Nesse ponto, segundo Zingales, um sistema competitivo de livre mercado possibilita três situações: a concorrência limita a possibilidade de lucros extraordinários, portanto, limita a desigualdade de renda; a concorrência garante acesso facilitado à inovação; a concorrência cria pressão para eficiência, facilitando a meritocracia; a concorrência também proporciona aos consumidores a liberdade de escolha.

Tais pressupostos não são análogos em uma economia socialista ou em uma economia em que o autor chama de capitalismo de compadrio. Tanto no sistema de economia socialista, como no sistema capitalista de compadrio os negócios controlam o processo político, acabando com a concorrência e diminuindo a liberdade.
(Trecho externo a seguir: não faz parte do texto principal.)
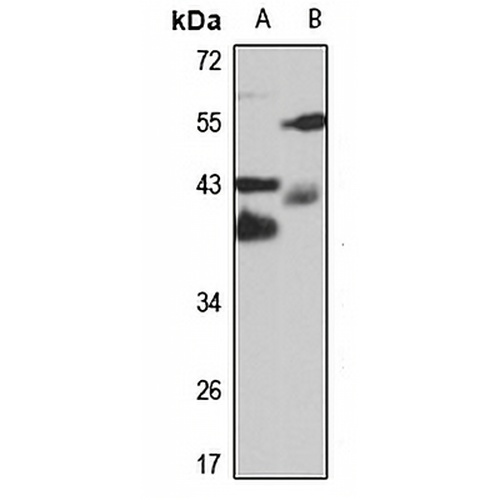 Syntaxin-7 Rabbit Polyclonal Antibody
Sem concorrência, a vida econômica se torna injusta, favorecendo aqueles bem relacionados e próximos do poder[3].

No artigo dessa coluna publicado em 17/08/2017, sustentou-se que a economia brasileira é caracterizada como uma economia de mercado em decorrência do disposto no artigo 170 da Constituição da República. É a livre iniciativa que define uma economia de mercado, e a livre concorrência dá sustentação à economia.

Todavia, para além da concorrência, o funcionamento do mercado liberal, como diz Paula Forgione, gera disfunções, falhas e externalidades negativas, razão pela qual a economia de mercado também deve ter uma pauta voltada à proteção dos direitos sociais dos trabalhadores e dos direitos dos consumidores. São rearranjos do direito emprestados ao mercado a partir do status das partes, agrupando-se, portanto, as interações segundo os sujeitos da relação contratual[4].
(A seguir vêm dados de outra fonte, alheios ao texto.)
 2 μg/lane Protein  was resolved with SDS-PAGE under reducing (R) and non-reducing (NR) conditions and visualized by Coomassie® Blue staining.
Assim, parte-se do pressuposto de que todo o sistema econômico, em sua estrutura, suas variações e complexidade não é perfeito. Um sistema de mercado onde funcionem os mecanismos de proteção dos direitos sociais, e os contratos segundo os seus sujeitos, com ênfase na salvaguarda da concorrência favorecerá o desenvolvimento, desafiando a empresa a adotar práticas de integridade e o consumidor a aguçar sua racionalidade em prol do bem comum.


Notas e Referências:

[1] GALBRAITH, John Kenneth. A economia das fraudes inocentes: verdades para o nosso tempo. São Paulo: Companhia das Letras, 2004, p. 18-25.

[2] GALBRAITH, John Kenneth. A economia das fraudes inocentes: verdades para o nosso tempo. São Paulo: Companhia das Letras, 2004, p. 25;52.

[3] ZINGALES, Luigi. Um capitalismo para o povo: reencontrando a chave da prosperidade. São Paulo: Bei Comunicações, 2015, p. 24-25.

[4] FORGIONI, Paula A. Contratos empresariais: teoria geral e aplicação. 2ª. ed. São Paulo: Revista dos Tribunais, 2016, p. 41-44.